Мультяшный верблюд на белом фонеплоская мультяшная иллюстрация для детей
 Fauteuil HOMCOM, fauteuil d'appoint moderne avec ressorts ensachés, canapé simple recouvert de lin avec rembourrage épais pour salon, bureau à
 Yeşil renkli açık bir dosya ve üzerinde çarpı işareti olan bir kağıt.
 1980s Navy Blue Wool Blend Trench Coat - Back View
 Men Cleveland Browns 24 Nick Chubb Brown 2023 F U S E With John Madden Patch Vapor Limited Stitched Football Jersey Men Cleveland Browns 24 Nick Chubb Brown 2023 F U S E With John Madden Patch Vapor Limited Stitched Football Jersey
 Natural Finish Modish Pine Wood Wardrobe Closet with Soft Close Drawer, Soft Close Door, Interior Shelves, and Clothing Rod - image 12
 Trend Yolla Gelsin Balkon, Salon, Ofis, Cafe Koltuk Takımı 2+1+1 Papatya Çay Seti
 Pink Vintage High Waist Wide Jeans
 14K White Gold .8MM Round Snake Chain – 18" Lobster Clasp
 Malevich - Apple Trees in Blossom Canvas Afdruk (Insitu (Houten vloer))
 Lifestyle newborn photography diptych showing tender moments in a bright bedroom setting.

---------------

Exercise directions
In full and without error, give the listing again.

Answer box
Мультяшный верблюд на белом фонеплоская мультяшная иллюстрация для детей
 Fauteuil HOMCOM, fauteuil d'appoint moderne avec ressorts ensachés, canapé simple recouvert de lin avec rembourrage épais pour salon, bureau à
 Yeşil renkli açık bir dosya ve üzerinde çarpı işareti olan bir kağıt.
 1980s Navy Blue Wool Blend Trench Coat - Back View
 Men Cleveland Browns 24 Nick Chubb Brown 2023 F U S E With John Madden Patch Vapor Limited Stitched Football Jersey Men Cleveland Browns 24 Nick Chubb Brown 2023 F U S E With John Madden Patch Vapor Limited Stitched Football Jersey
 Natural Finish Modish Pine Wood Wardrobe Closet with Soft Close Drawer, Soft Close Door, Interior Shelves, and Clothing Rod - image 12
 Trend Yolla Gelsin Balkon, Salon, Ofis, Cafe Koltuk Takımı 2+1+1 Papatya Çay Seti
 Pink Vintage High Waist Wide Jeans
 14K White Gold .8MM Round Snake Chain – 18" Lobster Clasp
 Malevich - Apple Trees in Blossom Canvas Afdruk (Insitu (Houten vloer))
 Lifestyle newborn photography diptych showing tender moments in a bright bedroom setting.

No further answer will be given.